The giant anteater pushed his face into the gate separating the garden from the cobbled track. The gate was black too, and made from iron. A series of vertical bars linked two cross-members, propping up a coat of arms made of a lion and unicorn grappling a shield. Bear pushed his nose through the bars and sniffed at the ground, which stank of fox-terrier. Entranced by the hoops and ropes in the garden, Edward jumped down on to the gate, which was locked by a simple, horizontal latch. Doris leaned her head over the gate, trying not to stand on the anteater. All the animals, Bessie included, were in awe of the gloomy big house and its plump garden.

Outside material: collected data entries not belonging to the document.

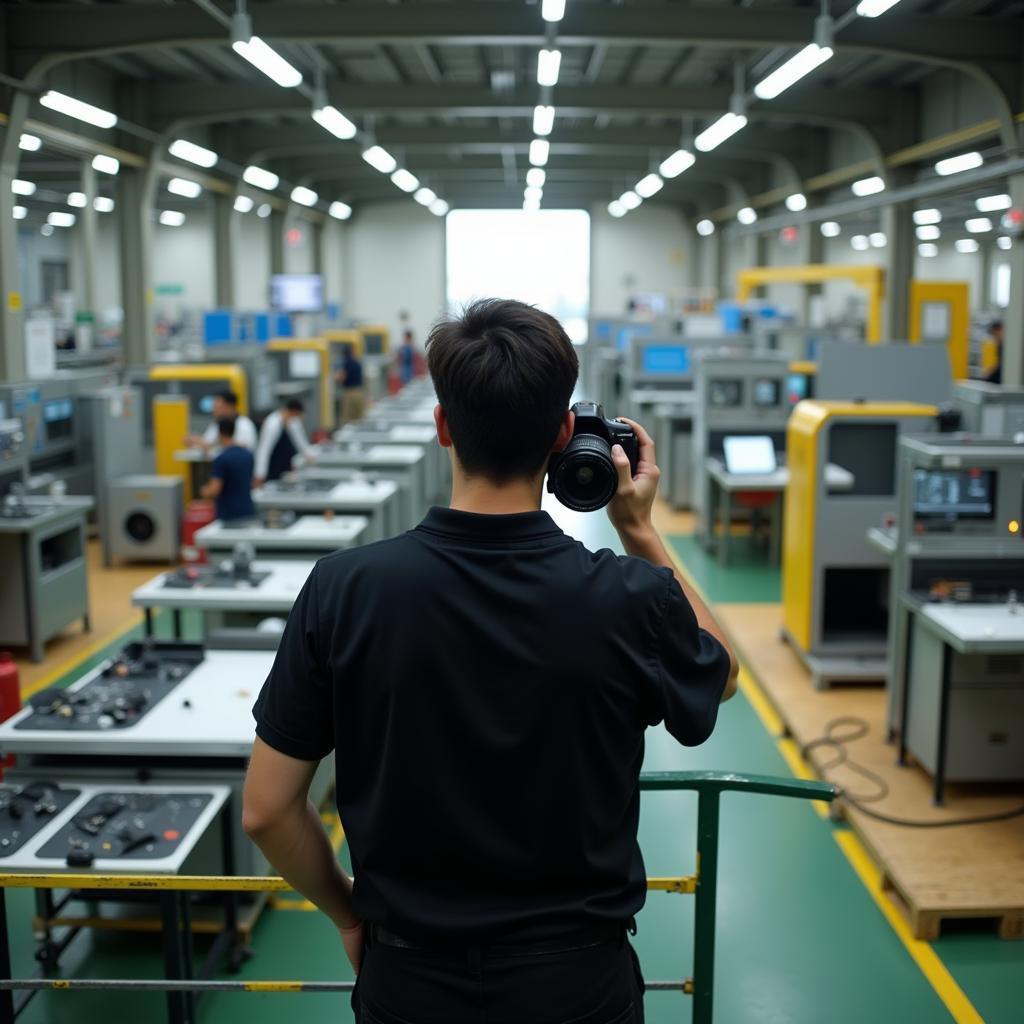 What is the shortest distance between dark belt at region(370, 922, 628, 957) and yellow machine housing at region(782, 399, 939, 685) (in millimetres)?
5283

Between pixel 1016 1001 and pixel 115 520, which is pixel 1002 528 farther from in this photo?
pixel 115 520

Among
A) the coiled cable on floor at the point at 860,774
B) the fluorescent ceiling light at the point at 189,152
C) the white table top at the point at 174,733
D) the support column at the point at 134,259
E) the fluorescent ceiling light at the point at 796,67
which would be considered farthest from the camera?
the fluorescent ceiling light at the point at 189,152

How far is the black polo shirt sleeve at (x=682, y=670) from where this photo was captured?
1.49m

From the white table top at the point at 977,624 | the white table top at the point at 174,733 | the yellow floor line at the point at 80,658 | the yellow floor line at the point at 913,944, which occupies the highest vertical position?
the white table top at the point at 977,624

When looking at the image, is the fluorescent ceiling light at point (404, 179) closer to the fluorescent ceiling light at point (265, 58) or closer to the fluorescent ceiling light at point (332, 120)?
the fluorescent ceiling light at point (332, 120)

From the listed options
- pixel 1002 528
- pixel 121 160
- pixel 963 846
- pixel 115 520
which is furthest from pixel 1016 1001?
pixel 121 160

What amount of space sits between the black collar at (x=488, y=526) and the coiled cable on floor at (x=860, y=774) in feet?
A: 10.4

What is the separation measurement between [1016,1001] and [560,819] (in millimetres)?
3090

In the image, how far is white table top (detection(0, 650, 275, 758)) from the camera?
3.83 meters

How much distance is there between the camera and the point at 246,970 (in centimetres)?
393

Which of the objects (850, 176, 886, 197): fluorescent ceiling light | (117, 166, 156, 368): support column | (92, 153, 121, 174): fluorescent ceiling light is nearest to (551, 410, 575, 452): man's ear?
(117, 166, 156, 368): support column

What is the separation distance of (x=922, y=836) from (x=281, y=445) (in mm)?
6733

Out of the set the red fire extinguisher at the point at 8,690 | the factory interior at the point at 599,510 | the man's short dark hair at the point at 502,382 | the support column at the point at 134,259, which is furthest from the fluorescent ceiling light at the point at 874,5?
the support column at the point at 134,259

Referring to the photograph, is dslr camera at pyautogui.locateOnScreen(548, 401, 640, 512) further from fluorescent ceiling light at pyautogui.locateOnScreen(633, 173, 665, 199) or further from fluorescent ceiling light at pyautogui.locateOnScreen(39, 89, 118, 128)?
fluorescent ceiling light at pyautogui.locateOnScreen(633, 173, 665, 199) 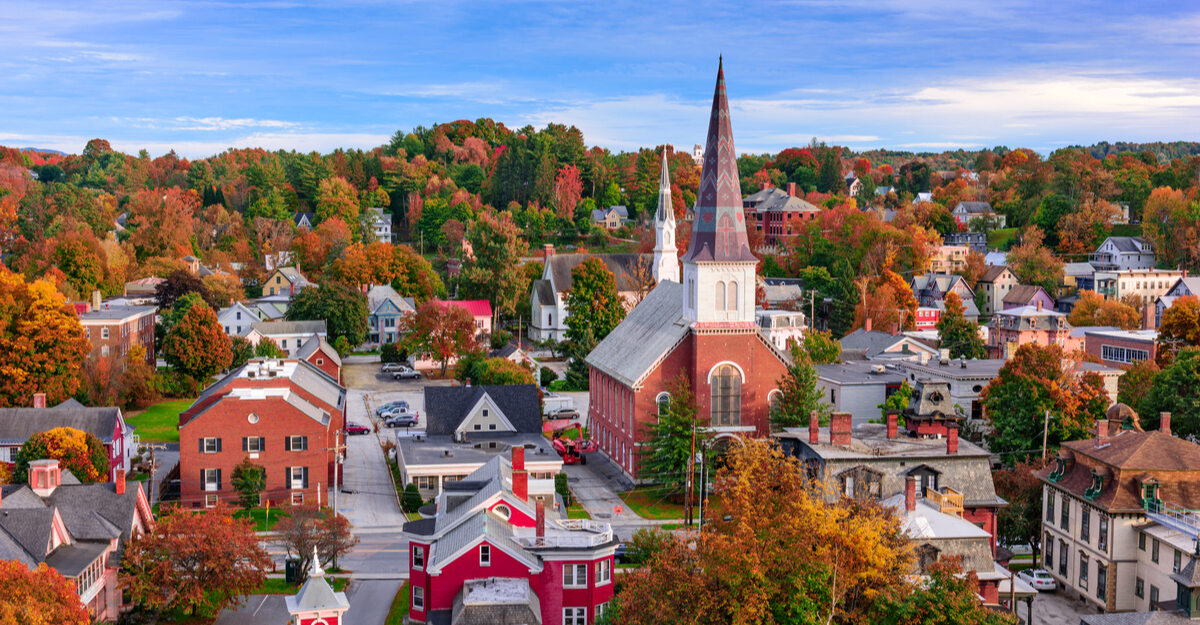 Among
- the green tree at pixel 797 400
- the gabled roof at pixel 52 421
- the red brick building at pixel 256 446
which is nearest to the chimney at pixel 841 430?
the green tree at pixel 797 400

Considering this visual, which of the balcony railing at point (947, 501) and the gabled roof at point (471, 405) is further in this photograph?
the gabled roof at point (471, 405)

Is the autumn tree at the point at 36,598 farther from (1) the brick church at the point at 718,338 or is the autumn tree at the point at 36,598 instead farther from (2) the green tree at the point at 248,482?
(1) the brick church at the point at 718,338

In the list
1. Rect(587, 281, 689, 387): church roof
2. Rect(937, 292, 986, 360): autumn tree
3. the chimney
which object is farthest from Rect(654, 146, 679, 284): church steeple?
the chimney

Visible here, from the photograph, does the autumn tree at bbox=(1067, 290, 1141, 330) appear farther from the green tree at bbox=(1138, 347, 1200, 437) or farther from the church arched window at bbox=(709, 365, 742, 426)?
the church arched window at bbox=(709, 365, 742, 426)

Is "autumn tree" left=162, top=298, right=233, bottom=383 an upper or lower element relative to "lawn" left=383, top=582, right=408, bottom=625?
upper

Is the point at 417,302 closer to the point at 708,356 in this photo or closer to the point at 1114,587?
the point at 708,356

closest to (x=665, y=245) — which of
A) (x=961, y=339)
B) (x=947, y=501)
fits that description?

Right then, Doris felt a snap at her ankle, a jaw trying to extend itself around her Achilles and into her muscle. It felt like the bite of the gharial she had once accidentally stood on in India, toothy and strong but incapable of causing her harm. She kicked her leg and moaned, and as elephants are prone to do, she started walking backwards towards the threat, intending her massive bulk to scare whatever it was away. Before she could turn her head, she saw a dog run under her body and snap again at the anteater’s long bushy tail. Before Bear could extricate his head from between the bars of the garden gate, the dog was leaping up at it, nipping at Edward’s tail, trying to make the monkey fall. It was Lord Morgan’s terrier, who by now had lost himself, fixated on his singular task of defending the entrance to his house, from any and all who tried to enter.

The terrier turned and barked at Doris. He snapped at her front feet and at the anteater, trying to catch his spectacles. He jumped twice, trying to take Bessie from the air as Edward danced along the gate, enjoying the excitement. Then Bear asserted himself. He unfurled his front paw and slapped the dog hard, doing just enough to avoid impaling him upon his talons. He sent the fox-terrier into the gate, winding him. The dog slumped to the floor whimpering.

Bear leaned in, running his nose along the dog’s belly. He opened his long jaw and licked the dog’s fur, by way of an apology. Like the anteater, the terrier had a narrow skull, eyes set high and small ears on a brown head, his muzzle running down to a black buttoned nose dripping a little wet, and white whiskers. The dog blinked at him, raising two fawn eyebrows in surprise at the monkey and elephant peering at his body and the anteater nuzzling his leg. Edward noticed the terrier was better groomed than any dog he’d seen, a carefully coiffured coat of white, tan and black fur, giving the impression of a saddle upon its back, and neatly trimmed feet that made the terrier look like it stood on tiptoe. The only concessions to the dog’s clipped appearance were a few clumps of missing hair revealing a scar healing on his hip.

The terrier breathed deep and calm and the animals could see the fervour leave its eyes. Within a moment it had become docile in their company.

“Biting is rude,” said Doris, by way of an introduction.

“We saw you in the woods. We saw you in the woods,” said Bessie, cocking her head.

“He chased the vixen down a hole. He was playing a game with her. It was all good sport,” said Edward proudly recalling the day’s events in sequence.

“You were trying to kill the fox. And I saved your life,” said Bear. “So why are you trying to attack us?”

The dog lay there a while, panting, thinking.

“I don’t know,” he answered.

He paused a moment longer.

“It’s what I am trained to do,” he said.

“Can’t you think for yourself?” chirped Bessie.

The terrier didn’t answer. He looked sad.

The old leopard had spent the best part of the day patrolling the perimeter of the fields, staying close to the hedges, occasionally venturing into the open to look for livestock. He wasn’t yet hungry so he counted the sheep, the plentiful Blackfaces and occasional Longwool, knowing that, if necessary, a newborn lamb would see him through the week. Stretching his body, he noted a field of Cotswolds that appeared unguarded, full of ewes without horns and with wool covering their eyes. But he wanted to find a cow to kill, preferably one of those black and white ones with fat udders that meant so much to the humans. He would take the tongue and perhaps the kidneys, leaving the rest to rot.